+++ DATA SHOWN
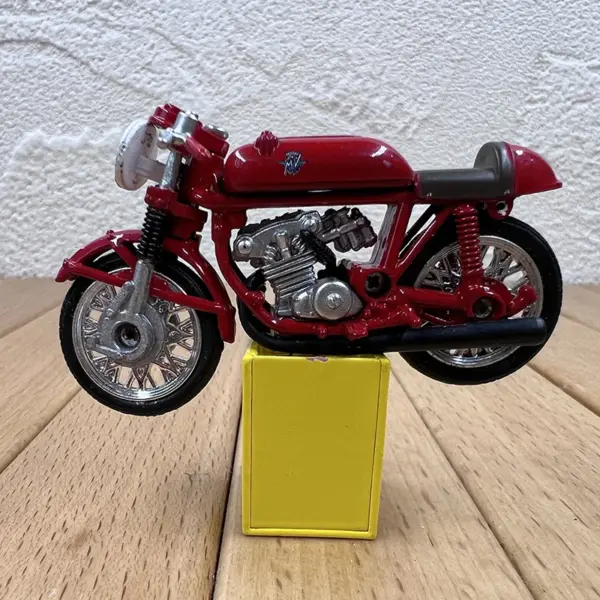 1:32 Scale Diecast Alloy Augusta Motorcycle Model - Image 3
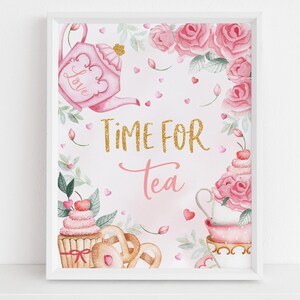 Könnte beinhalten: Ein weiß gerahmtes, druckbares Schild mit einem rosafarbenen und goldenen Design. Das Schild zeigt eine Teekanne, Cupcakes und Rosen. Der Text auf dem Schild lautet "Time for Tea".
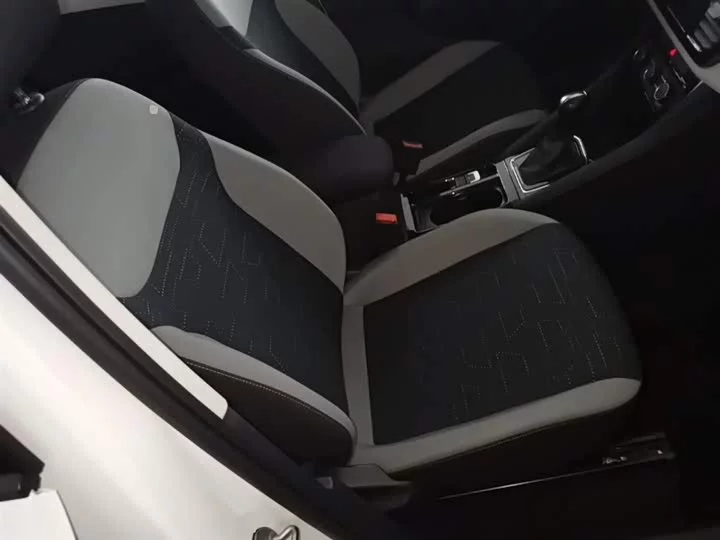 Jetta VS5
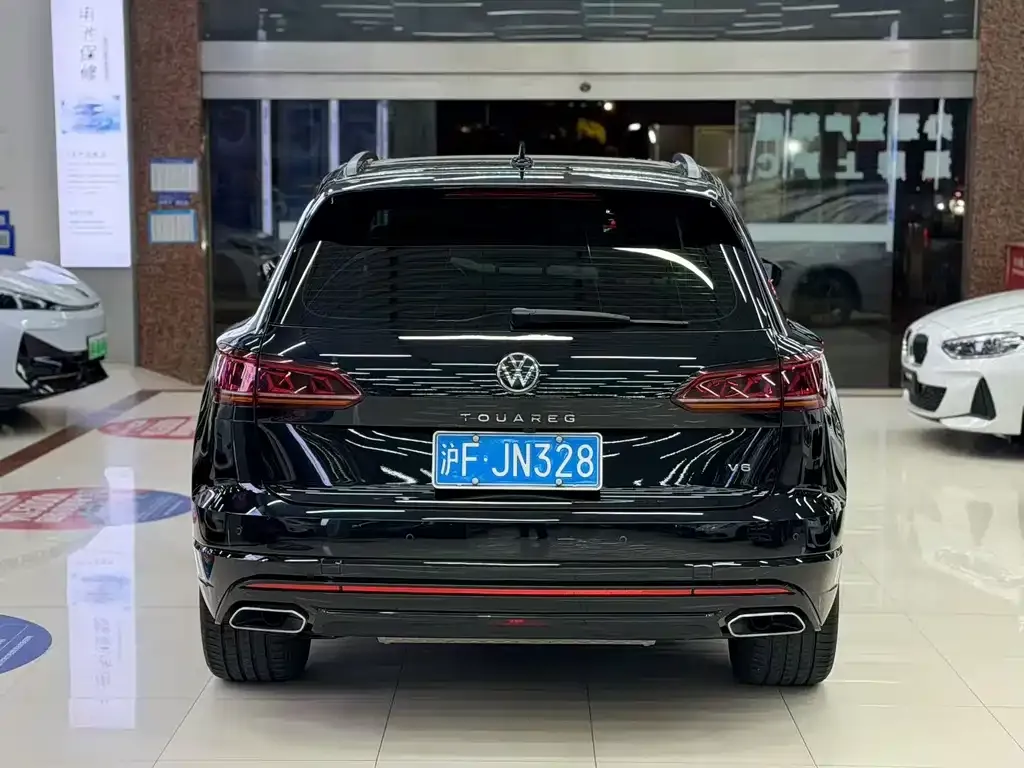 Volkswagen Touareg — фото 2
++++++
**PROBLEM STATEMENT:**
Omit any images, then output the listing exactly.

**REPLY TO THE TASK:**
 1:32 Scale Diecast Alloy Augusta Motorcycle Model - Image 3
 Könnte beinhalten: Ein weiß gerahmtes, druckbares Schild mit einem rosafarbenen und goldenen Design. Das Schild zeigt eine Teekanne, Cupcakes und Rosen. Der Text auf dem Schild lautet "Time for Tea".
 Jetta VS5
 Volkswagen Touareg — фото 2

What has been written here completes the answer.